Tao downtown has 300 seats and brings in more than 1,000 customers a night

Unlike the vast spaces Tao Group typically populates — nearby Tao Downtown has 300 seats and brings in more than 1,000 customers a night — Feroce seats 132 in a much more toned-down setting. The room, designed by David Rockwell, has booths that evoke vintage Ferraris, with dark green leather and golden velvet stripes, plus a vintage L’Ammazzasette sign featuring a wall-size green bottle of the amaro.

Panella’s pan-Italian menu features starters such as fried dough, gnocco fritto with the cured meat of the moment — mortadella — as well as a tower of fried eggplant layered with mozzarella and tomato. The pasta section includes bucatino alla’Amatriciana and less conventional casarecce alla Luciana, featuring twisted pasta tubes, tossed with octopus, cherry tomatoes, olives and caper leaves.


The dish that built an empire: Miso-glazed sea bass satay (Source: TAO Downtown)
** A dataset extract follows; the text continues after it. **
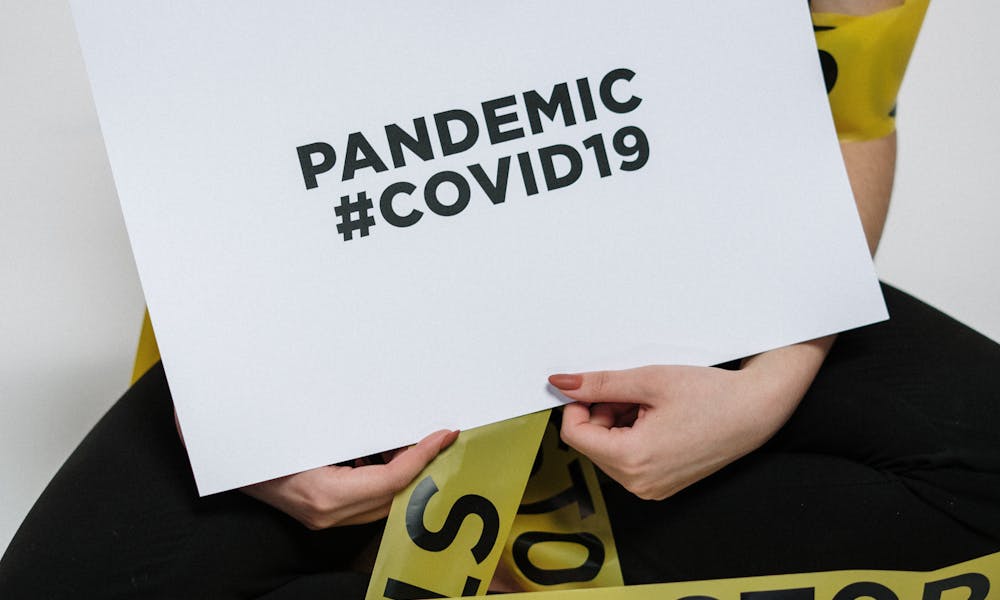 Person wrapped in caution tape holding a sign with COVID-19 awareness message. .pexels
Panella highlights an ancient Sicilian recipe as a main course: Grilled swordfish with roasted tomatoes and eggplant, served from a jar at the table. There’s also a mammoth, dry-aged 32oz T-bone with red wine sauce for the table, for US$130 (RM531.70). A roving sgroppino cart dispatches a mix of lemon sorbet, prosecco and vodka from a chilled bowl. Another cart will offer a wide selection of grappas and amaros.
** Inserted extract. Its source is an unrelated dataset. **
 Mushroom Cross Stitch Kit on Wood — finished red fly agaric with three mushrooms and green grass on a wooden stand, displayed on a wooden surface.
Upstairs, Panella operates Bar Feroce, which has the scent of pizza because there’s an oven in the corner that turns out crispy Roman-style pies like the “rustica”, topped with mozzarella, potatoes and chunks of sausage, for around US$16. Like all Moxy properties, the space promotes games; here there’s a bocce court and a set of rules that include the stipulation that the loser buys the next round.

Fronting Feroce is an all-day cafe that starts with Italian pastries and golf-ball-size doughnuts that are fried to order. Later in the day, the menu transitions to cornetto sandwiches filled with prosciutto, as well as the greatest hits of Italian cocktails, namely riffs on spritzes and Negronis.

Private dining room: Seats 16

Hours: Restaurant, nightly from 5pm; Bar Feroce, from 11am daily

Location: 105 W 28th St; 212 888-1092;


Au Cheval (Tribeca; opened March 6)

The first New York outpost of the Chicago joint, famed for sticking a steak knife in its burgers, has finally opened. Waits of three hours were reported on the first nights. (Owner Brendan Sodikoff told New York magazine that people shouldn’t be surprised because there aren’t a lot of late-night options in the area, and advised diners to “bring a book or something”.)

Sodikoff already has a presence in New York — he’s the guy behind the clubby 4 Charles Prime Rib in the West Village; he also serves burgers at the RH Rooftop Restaurant in the Meatpacking District, in the former Pastis space.

First and foremost, the Au Cheval burger (Source: Au Cheval)

First and foremost on the Au Cheval menu: The burger, available as a single or double cheeseburger comprising juicy charred patties with the option of bacon and a fried egg. The peppered bacon, available as a side, is almost as famous as the burger.

Less notorious items include dinosaur-size marrow bones with beef cheek marmalade; fried chicken with honey, chile and sesame seeds; and foie gras with scrambled eggs and toast. A 32oz pork steak with foie gras and roasted apples is US$50 and available in limited quantities. (Sodikoff says the pro move is to chase the burger with the pork porterhouse. Not for the faint of heart.) Vegans will find a few options, namely green salad with pickled shallots and bread and butter pickles.

The classic-focused cocktail list offers Negronis, bloody marys with the option of a beer back, Manhattans, and old-fashioned-plus modern concoctions like pink vodka lemonade (vodka, Lillet rosé, Aperol, lemon) — that go for around US$16. Pickleback shots are US$8.

The brick-walled space has a series of leather banquettes and chandelier-style lights; it seats 85.

Hours: Daily, 10am to 3pm, and from 5pm.